How To Help Kids Cope With Being The Only Mask-Wearer In School

As the mask wars rage on and delta surges, here's how to help children handle being the only ones in their classrooms masking up.
blackCAT via Getty Images

When Nicholas, 35, sent his son to third grade earlier this month, he did a lot of the usual getting prepared — buying back-to-school supplies, talking to his son about the friends and teachers he was excited to see again.

Then they had the mask talk.

Nicholas, who lives in Texas and asked to be identified by his first name only because of how politicized masking has become in his area, expects his son to wear a mask in the classroom every day, but there is no mask mandate in their local school district. And he knows that many of his son’s classmates are not wearing masks, even as COVID-19 cases around them surge.

“We’ve just tried to have very frank discussions with him,” said Nicholas. “We’re telling him we’re doing everything we can to keep him and other kids safe.”

Countless parents around the country — particularly in coronavirus hotspots — are having similar conversations as they send their children back into the classroom, knowing they’ll be one of a handful of kids, if not the only one, wearing a mask.

So HuffPost Parents spoke to several children’s mental health experts about how parents can help their kiddos navigate that situation as they make their way through yet another unprecedented school year.

1. Start by simply acknowledging that this might be difficult for them and you.

“The polarization around masks, and other strategies for reducing transmission, has been so challenging and confusing for parents and kids,” said child psychiatrist Dr. Helen Egger, co-founder and Chief Medical Officer of Little Otter, a teletherapy platform.

Egger believes it is critical to just pause and recognize that there may well be “negative social pressure” if you happen to live in an area where your child is going to be in the minority wearing a mask every day — and that social pressure extends to parents as well.

Parents and children might both feel anxious about their risk of catching COVID in the classroom, particularly given how contagious the delta variant is. And parents and children might both feel self-conscious about standing out. Make room for those feelings as they come up.

2. Explain your reasons clearly and focus on the positive.

Before you send your child to school, make sure they have a clear understanding of why your family has decided to wear masks — and keep it developmentally appropriate. With younger kids, for example, that means only using words they already understand, rather than loading them up with new concepts. (If it’s been a while since you’ve sat down to talk with your child about COVID-19 and how your family is approaching it, this guide from early in the pandemic has some helpful tips.)

“It’s important to be matter-of-fact,” said Egger, adding that you should refuse to treat mask-wearing like a big deal in your home and among your family. Explain to your kids that putting on a mask is simply something your family does to get ready in the morning, like brushing your teeth or putting on shoes.
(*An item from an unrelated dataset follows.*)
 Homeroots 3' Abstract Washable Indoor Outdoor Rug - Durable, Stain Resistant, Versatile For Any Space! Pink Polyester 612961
“Remember: Even if their concerns seem silly to you, they are meaningful to them.”

Keep it positive. Tell your child things like: “We wear masks to keep each other safe. When we wear masks, the virus can’t pass from person to person,” Egger urged. And don’t disparage families who are making different decisions.

“Parents may model aggressive or harsh judgments of others in conversations with their kids or with each other, for example, ‘Parents who let their children go to school without masks are idiots!’” said Aude Henin, co-director of the Child Cognitive-Behavioral Therapy Program at Massachusetts General Hospital. “This kind of rhetoric is unhelpful and very stressful for kids.”

3. Work out a coping plan ahead of time.

Hopefully, your child won’t encounter any negativity around masking up, but it’s a good idea to prepare for the possibility. “Work out a coping plan that they can use if they feel anxious or embarrassed — for example, take a deep breath and remember that it’s OK to make a different choice,” said Henin. “Go and find a friend who doesn’t care if I wear a mask (or is wearing one too) and spend time with them.”

It is also helpful to talk to your child about what they might say if they find themselves dealing with questions about why they’re wearing a mask or being teased for it.

Their answers don’t need to be particularly complex. Something as simple as “this is the choice that works for me and my family” is a good option, Henin said.

4. Check in regularly.

So many kids are thrilled to finally be back in the classroom full-time this year, but it is a moment of profound transition, and checking in is more important than ever before.

“The most helpful thing that parents can do is to have an honest, non-judgmental conversation with their child about wearing a mask, and to listen to their child’s concerns and answer their questions,” Henin said.

(Here are some ways to get your child to open up to you about bullying. And four questions you can ask to help gauge how they’re doing emotionally right now.)

Remember: Even if their concerns seem silly to you, they are meaningful to them, Henin said.

“Simply acknowledging how they’ve rolled with the many obstacles thrown their way — and applauding their efforts to wear a mask — can go a long way in helping children stay positive about this whole ordeal.”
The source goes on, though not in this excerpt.